== Problem description ==
Report how many lines below include the string "Vintage". Please keep the reply to that number.

━━━ Given records

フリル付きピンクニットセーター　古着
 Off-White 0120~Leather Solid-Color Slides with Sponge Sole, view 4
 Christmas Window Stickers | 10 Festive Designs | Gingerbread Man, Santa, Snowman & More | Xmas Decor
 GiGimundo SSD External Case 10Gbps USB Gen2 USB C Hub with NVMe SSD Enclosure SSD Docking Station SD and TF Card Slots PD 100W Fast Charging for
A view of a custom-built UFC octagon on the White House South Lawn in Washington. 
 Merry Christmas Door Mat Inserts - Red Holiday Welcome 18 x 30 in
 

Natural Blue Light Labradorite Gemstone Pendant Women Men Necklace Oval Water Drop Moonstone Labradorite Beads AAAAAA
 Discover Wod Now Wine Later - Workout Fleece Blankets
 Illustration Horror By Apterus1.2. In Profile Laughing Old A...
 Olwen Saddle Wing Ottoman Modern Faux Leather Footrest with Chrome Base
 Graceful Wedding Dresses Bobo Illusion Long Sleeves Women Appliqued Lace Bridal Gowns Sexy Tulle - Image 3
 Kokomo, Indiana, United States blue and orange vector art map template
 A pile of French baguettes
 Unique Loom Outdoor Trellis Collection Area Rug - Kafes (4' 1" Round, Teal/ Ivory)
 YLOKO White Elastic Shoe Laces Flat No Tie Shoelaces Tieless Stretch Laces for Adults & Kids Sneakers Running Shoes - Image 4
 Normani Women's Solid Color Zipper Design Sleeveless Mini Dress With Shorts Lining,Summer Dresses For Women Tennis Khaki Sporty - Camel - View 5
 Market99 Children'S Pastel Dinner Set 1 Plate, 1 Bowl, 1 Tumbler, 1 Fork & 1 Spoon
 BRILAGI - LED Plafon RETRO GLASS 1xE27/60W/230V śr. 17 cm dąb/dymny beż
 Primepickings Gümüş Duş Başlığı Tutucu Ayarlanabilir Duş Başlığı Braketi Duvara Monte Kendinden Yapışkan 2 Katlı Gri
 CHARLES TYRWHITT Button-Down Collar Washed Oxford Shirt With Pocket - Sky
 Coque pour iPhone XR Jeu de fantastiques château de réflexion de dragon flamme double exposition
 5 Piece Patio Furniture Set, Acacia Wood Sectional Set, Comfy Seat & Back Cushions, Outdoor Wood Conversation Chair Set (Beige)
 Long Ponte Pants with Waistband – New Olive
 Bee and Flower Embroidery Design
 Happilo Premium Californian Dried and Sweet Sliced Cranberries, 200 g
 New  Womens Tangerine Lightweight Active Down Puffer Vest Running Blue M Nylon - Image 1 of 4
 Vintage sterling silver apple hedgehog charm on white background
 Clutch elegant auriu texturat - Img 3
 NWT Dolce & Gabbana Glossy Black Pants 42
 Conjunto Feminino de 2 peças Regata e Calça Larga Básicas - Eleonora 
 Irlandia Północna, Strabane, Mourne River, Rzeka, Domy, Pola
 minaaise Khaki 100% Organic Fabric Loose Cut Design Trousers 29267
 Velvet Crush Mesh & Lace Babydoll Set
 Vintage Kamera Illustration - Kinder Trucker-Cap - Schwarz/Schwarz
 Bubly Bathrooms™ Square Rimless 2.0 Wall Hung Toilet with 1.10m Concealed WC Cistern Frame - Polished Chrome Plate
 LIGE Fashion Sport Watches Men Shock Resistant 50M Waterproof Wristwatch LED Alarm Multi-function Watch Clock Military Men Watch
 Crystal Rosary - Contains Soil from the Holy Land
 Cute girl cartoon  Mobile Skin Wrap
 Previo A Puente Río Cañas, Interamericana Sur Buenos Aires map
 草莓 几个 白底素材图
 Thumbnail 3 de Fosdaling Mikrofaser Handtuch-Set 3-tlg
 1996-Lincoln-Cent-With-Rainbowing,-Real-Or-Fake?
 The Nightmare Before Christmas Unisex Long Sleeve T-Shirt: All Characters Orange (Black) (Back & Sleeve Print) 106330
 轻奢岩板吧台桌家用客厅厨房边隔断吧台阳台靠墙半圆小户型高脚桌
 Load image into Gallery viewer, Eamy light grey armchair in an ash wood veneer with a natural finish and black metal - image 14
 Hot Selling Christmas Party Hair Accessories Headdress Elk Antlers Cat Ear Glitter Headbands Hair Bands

━━━━━━

== Solved problem ==
2